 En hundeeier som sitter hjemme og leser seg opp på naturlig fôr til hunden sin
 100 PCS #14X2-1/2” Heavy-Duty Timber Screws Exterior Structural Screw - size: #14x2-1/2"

* * *

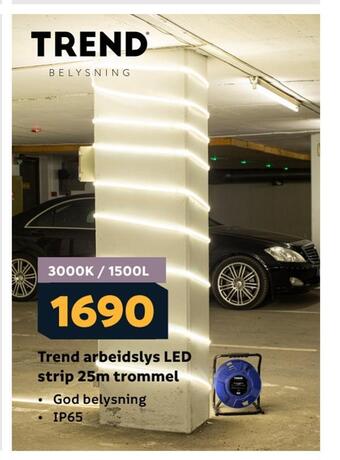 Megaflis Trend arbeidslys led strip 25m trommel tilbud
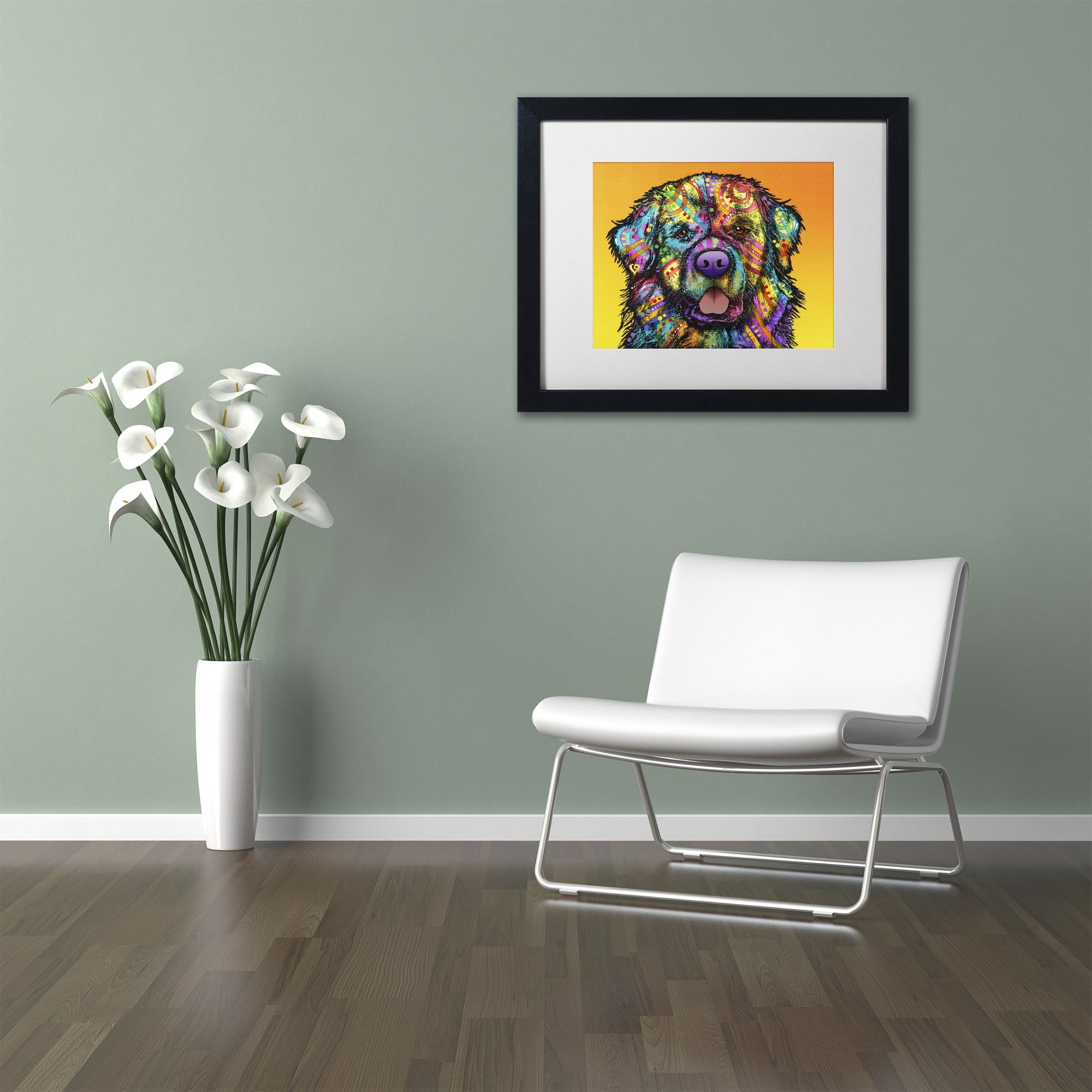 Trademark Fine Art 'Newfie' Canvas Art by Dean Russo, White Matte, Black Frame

...

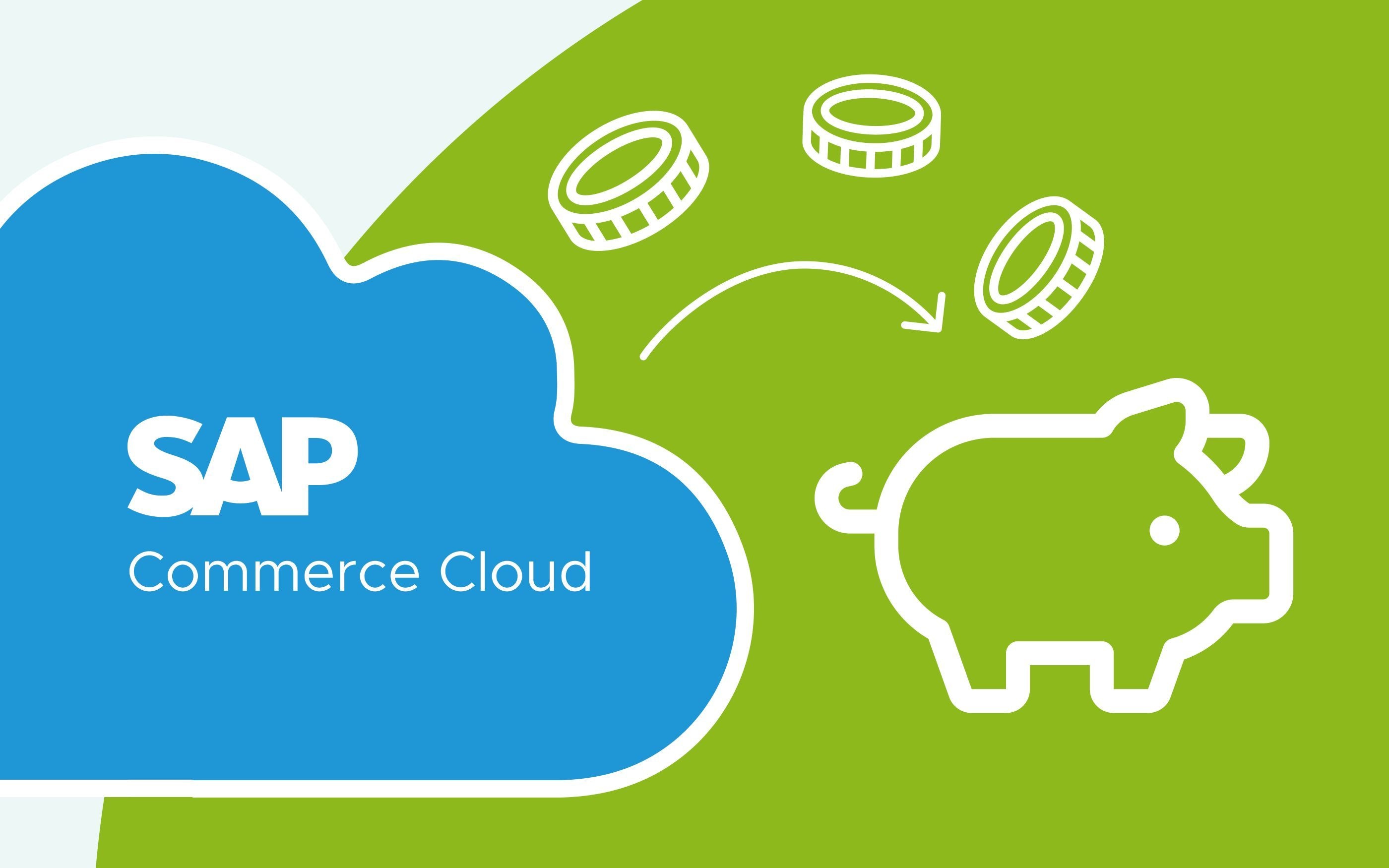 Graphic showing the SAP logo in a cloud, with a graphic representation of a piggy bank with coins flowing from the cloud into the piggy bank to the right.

▶ _What the task requires_: Scan the listing above for the line that has "En hundeeier som", then copy exactly from that line through the line that has "Heavy-Duty Timber Screws".

▶ _Solution_:
 En hundeeier som sitter hjemme og leser seg opp på naturlig fôr til hunden sin
 100 PCS #14X2-1/2” Heavy-Duty Timber Screws Exterior Structural Screw - size: #14x2-1/2"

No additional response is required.